The Bombay High Court recently voiced its concern over the trend of estranged wives misusing the provisions of the Protection of Women from Domestic Violence Act to harass their husband and his family members including distant relatives (DV Act) [Dhananjay Mohan Zombade vs Prachi Dhananjay Zombade].
Single-judge Justice RM Joshi quashed proceedings under the Act against a woman’s in-laws who, despite residing far away, were named by the woman in the complaint she lodged against her husband and other relatives.
“Unfortunately, a trend seems to have been adopted and proceedings under Domestic Violence Act are filed at even distant place i.e. place where aggrieved person resides and not only husband and joint family members residing under one roof are made respondents but even distant relatives those who have no domestic relationship are also roped in order to cause harassment and to build pressure on husband,” the bench observed in the order passed on July 18.
The bench was hearing a plea filed by the brother-in-law, his wife and the sister-in-law of the complainant woman, who did not live with her in the same house.
The three petitioners did not share a ‘domestic relationship’ under the Act with the complainant as two of them lived in Khadki, Pune and the third one (married sister-in-law) lived in Osmanabad.
Taking note of the same, the bench said that it is settled law that a domestic relationship between aggrieved person (complainant) and respondents is sine qua non (essential element) to maintain any proceeding under the DV Act.
“In order to constitute relationship between two persons as domestic relationship, they must live or at any point of time lived together in a shared household when they are related by consanguinity, marriage or through a relationship in the nature of marriage, adoption or are family members living together as a joint family,” the bench said.
In the instant case, the judge noted that the relationship of the three accused and also the complainant was as a family member.

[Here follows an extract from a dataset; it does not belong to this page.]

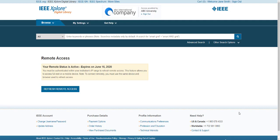For more tips on how to use IEEE Xplore, please see the other video tutorials in our Help and Resources section. Thank you for watching.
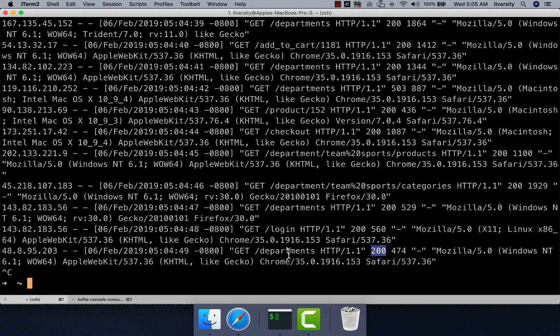Using this data which is being logged into the log file, we will try to get the department count. That is the problem statement for this demonstration.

“Thus, in order to constitute domestic relationship, the family members of the aggrieved person must be living together with aggrieved person as joint family. It is, therefore, essential that the applicant pleads that there is domestic relationship between her and respondents and that the other family members have lived or are living together as a joint family, to maintain any such complaint/application under the provisions of the DV Act,” the bench underscored.
It considered the evidence adduced by the three accused to show that they lived at distant places and did not live under the same roof with the complainant.
The Court, therefore, quashed the proceedings against the three accused.
Advocate GJ Kore appeared for the applicants.
Advocate Rajesh Mewara represented the complainant.